Are other drugs--even dangerous antipsychotics, antidepressants, and stimulants--subject to population-specific safety studies when they are used on children? The answer is a resounding No. In the FDA's own words, "Most drugs prescribed for children have not been tested in children." The same is true for use with elderly people. The drugs have almost never been tested on elderly people. This makes the FDA's new position on supplements especially hypocritical.

The section on investigational new drugs (INDs) also remains. These provisions could destroy the future availability of many supplements. The jargon used here in the guidance is confusing, probably intentionally so, but bear with us.

Remember that an IND refers to a new drug, while an NDI refers to a new supplement. Under current law, if an IND application is filed for an ingredient--that is, an ingredient is being studied for use as part of a new drug--that ingredient can no longer be produced or included in a supplement if a NDI has not previously been accepted. This has already happened to pyridoxamine, a form of vitamin B6, even though in the end it resulted in this valuable form of natural B6 being no longer available either as supplement or drug.

Apparently the FDA couldn't care less that this form of natural B6 is no longer available in any form. Indeed it has been considering a petition to ban the only remaining natural form of B6, the most important form of all, because all B6, synthetic or natural, must be converted to it in order for our bodies to use it.

In this guidance, the FDA explicitly states that even when an IND is rescinded or does not lead to a new drug, the supplement form is still banned.

Imagine the mischief this could cause when some enterprising drug company decides to corner the market on a whole list of ingredients to keep them out of the hands of supplement formulators forever more. This could very easily be done under this guidance. Remember that it is not always clear what counts as a NDI, or what has been grandfathered so that drug companies can use this confusion to claim that supplements, which have been around for decades, have been sufficiently "altered" and that they can be claimed as drugs.

The FDA is also broadening the group of substances that must submit NDIs by adopting a loose definition of what it means for a supplement to be "chemically altered." If a post-DSHEA ingredient has been present in the food supply and has not been chemically altered, it is exempted from submitting a NDI notification. The problem is that the FDA's definition of "chemically altered" is so broad that only the most basic manufacturing methods would not "chemically alter" an ingredient. This language will stifle innovations in manufacturing and ignores the fact that new and more effective ways of producing supplements have arisen in the last twenty-two years since DSHEA passed. This to me seems intentional: the FDA is trying to destroy the supplement industry by making innovation impossible.

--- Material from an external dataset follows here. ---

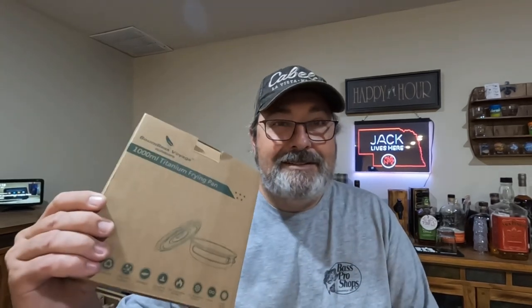Chris here with Barnyard Outdoors. I'm doing another review — another Boundless Voyage project. Let's take a look at this thing and see what I think of it.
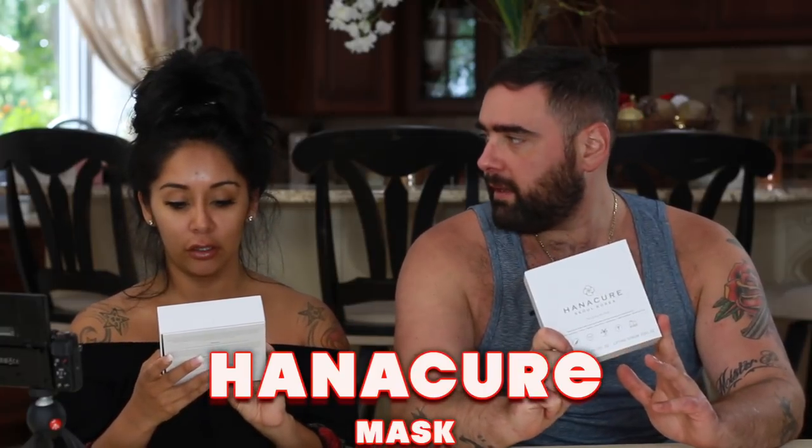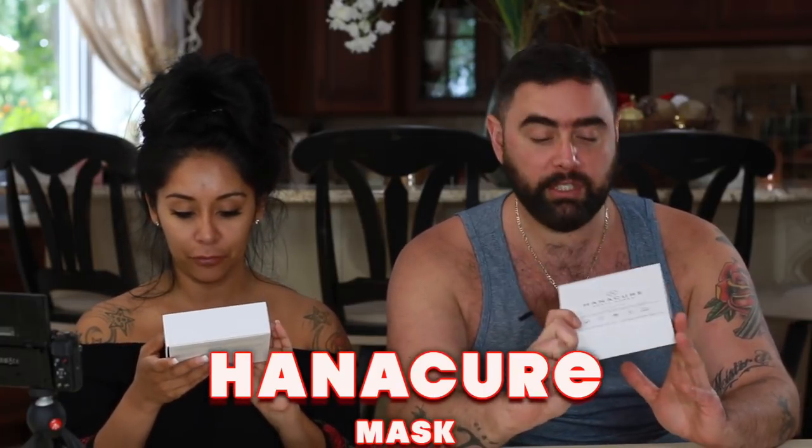Hey guys, I'm with Joey and today there's a big buzz going on on YouTube. Everyone's trying this face mask — the Hanacure challenge. I think it's from Seoul, Korea.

The agency has also kept intact its ridiculous position that synthetic botanical ingredients are, for the most part, not dietary ingredients. This would likely remove many products from store shelves, such as vinpocetine, which is needed to keep our brains healthy. There is an exception for synthetic botanicals that are lawfully used as an ingredient in the conventional food supply, such as vanillin. What makes this even more confusing is that the FDA has already accepted NDI notifications for vinpocetine from a number of supplement producers.

Probiotics--the "good" bacteria which our bodies, and in particular, our immune systems, absolutely depend on--could also be on the chopping block. The agency cites risks for these supplements which are purely theoretical and have never posed a problem. Is it a coincidence that Big Pharma is now very interested in producing its own versions of this product. Having probiotics subject to prescription or costing $100 a bottle will be a disaster for the health of Americans.

Moreover, this guidance is just one more of an unending series of attacks on supplements by the FDA that are clearly intended to benefit the drug industry. By now, it should be clear that the FDA cannot provide credible oversight of the supplement industry. Another regulator is needed.

The NDI guidance needs to be amended to protect my supplement access and to reflect what Congress intended in DSHEA.